To halt ongoing loss in biodiversity, there is a need for landscape-level management recommendations that address cumulative impacts of anthropogenic and natural disturbances on wildlife habitat. We examined the cumulative effects of logging, roads, land-use change, fire, and bark beetle outbreaks on future habitat for olive-sided flycatcher (Contopus cooperi), a steeply declining aerial insectivorous songbird, in Canada's western boreal forest. To predict the occurrence of olive-sided flycatcher we developed a suite of habitat suitability models using point count surveys (1997–2011) spatially- and temporally-matched with forest inventory data. Flycatcher occurrence was positively associated with small (~10 ha) 10–20-year-old clearcuts, and with 10–100% tree mortality due to mountain pine beetle (Dendroctonus ponderosae) outbreaks, but we found no association with roads or distance to water. We used the parameter estimates from the best-fit habitat suitability models to inform spatially explicit state-and-transition simulation models to project change in habitat availability from 2020 to 2050 under six alternative scenarios (three management × two fire alternatives). The simulation models projected that the cumulative effects of land use conversion, forest harvesting, and fire will reduce the area of olive-sided flycatcher habitat by 16–18% under Business As Usual management scenarios and by 11–13% under scenarios that include protection of 30% of the land base. Scenarios limiting the size of all clearcuts to ≤ 10 ha resulted in a median habitat loss of 4–6%, but projections were highly variable. Under all three management alternatives, a 50% increase in fire frequency (expected due to climate change) exacerbated habitat loss.

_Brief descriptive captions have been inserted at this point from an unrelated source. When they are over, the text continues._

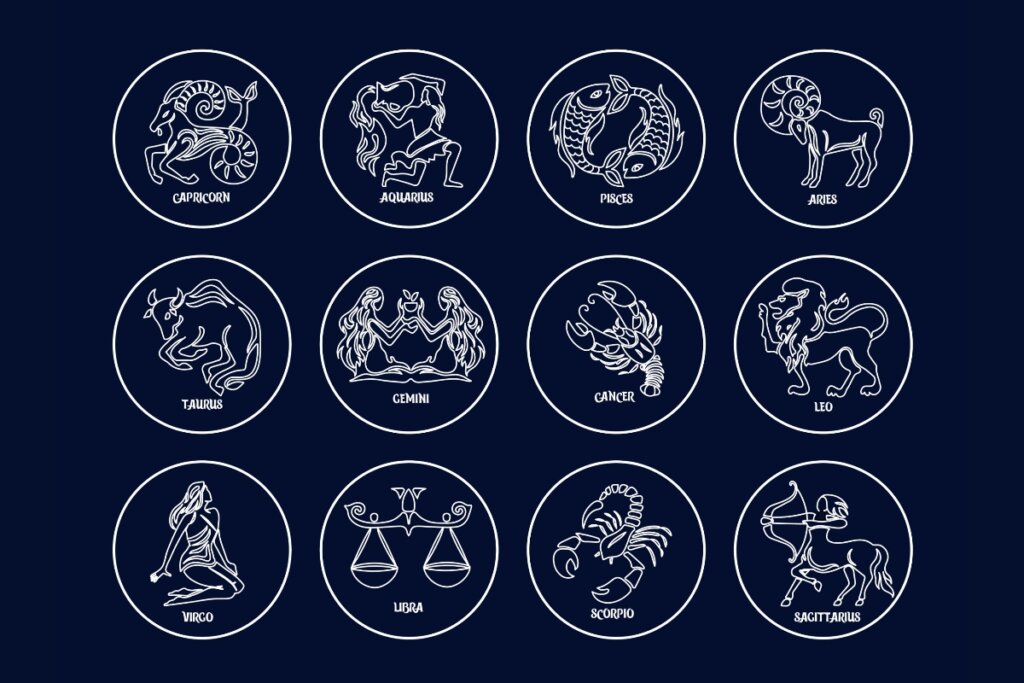 Ilustração dos doze signos em um fundo azul escuro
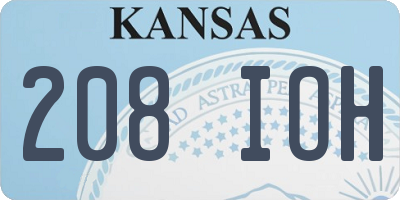 KS license plate 208IOH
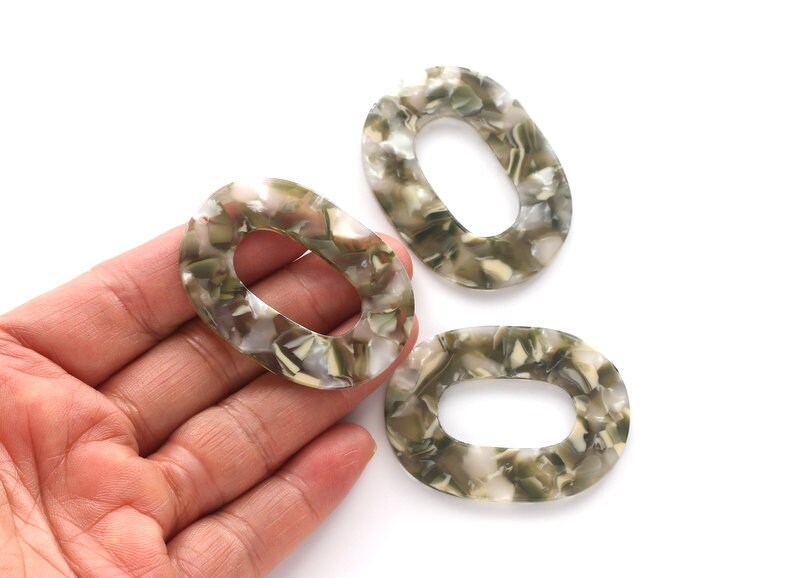 Acetate Oval Charms - Oval Earrings and Pendant - Earring Findings - Jewelry Supplies - Color Code: A86 - 47x34.9x2.5mm - AC1065K - DOMEDBAZAAR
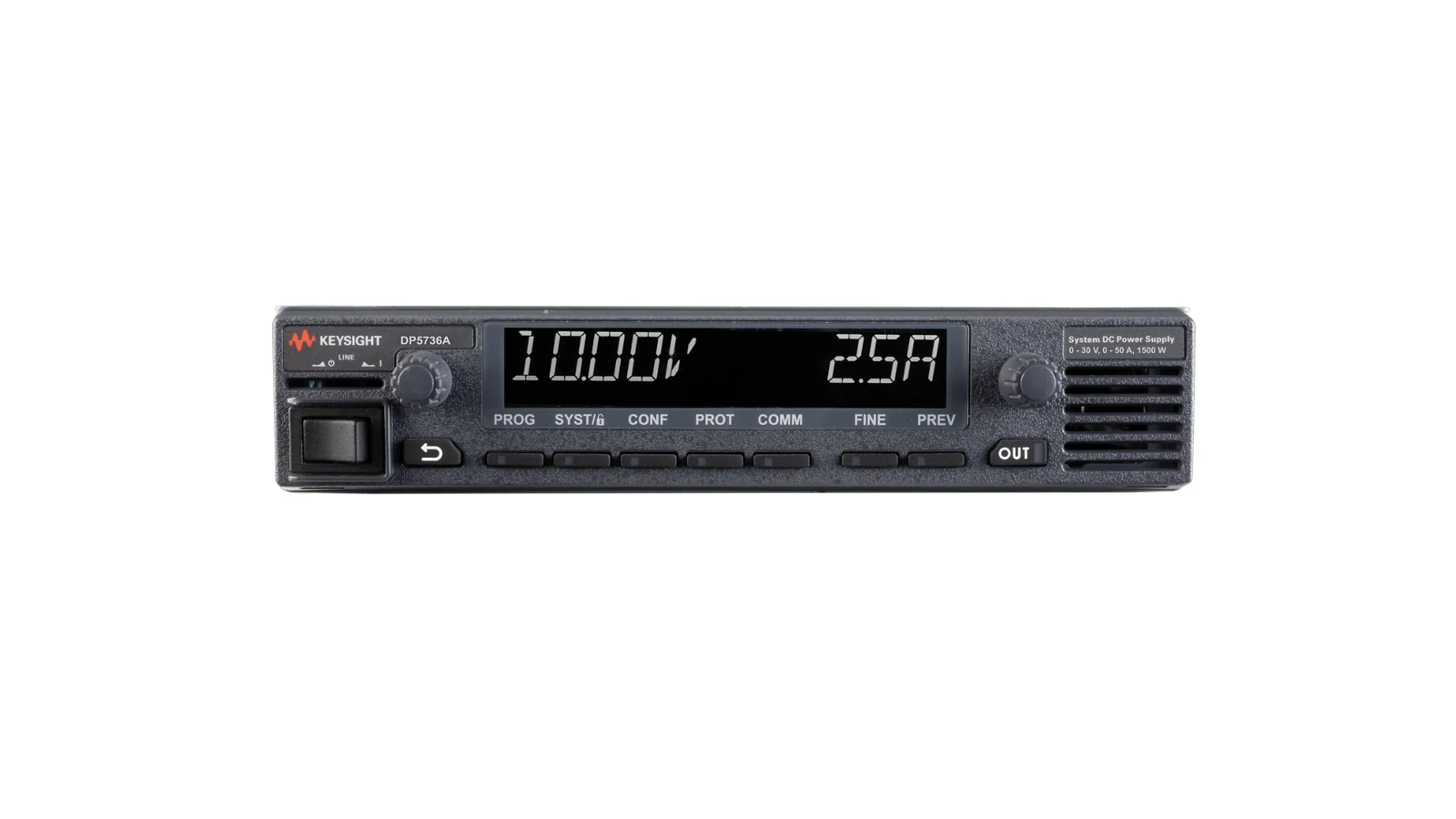 Keysight DP5723A front panel and controls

The projected losses of habitat in western boreal forest, even with an increase in protected areas, imply that reversing the ongoing population declines of olive-sided flycatcher and other migratory birds will require attention to forest management beyond protected areas. Further work should examine the effects of multiple stressors on the demographic mechanisms driving change in aerial insectivore populations, including stressors on the wintering grounds in South America, and should aim to adapt the design of protected areas and forest management policies to projected climate-driven increases in the size and frequency of wildfires.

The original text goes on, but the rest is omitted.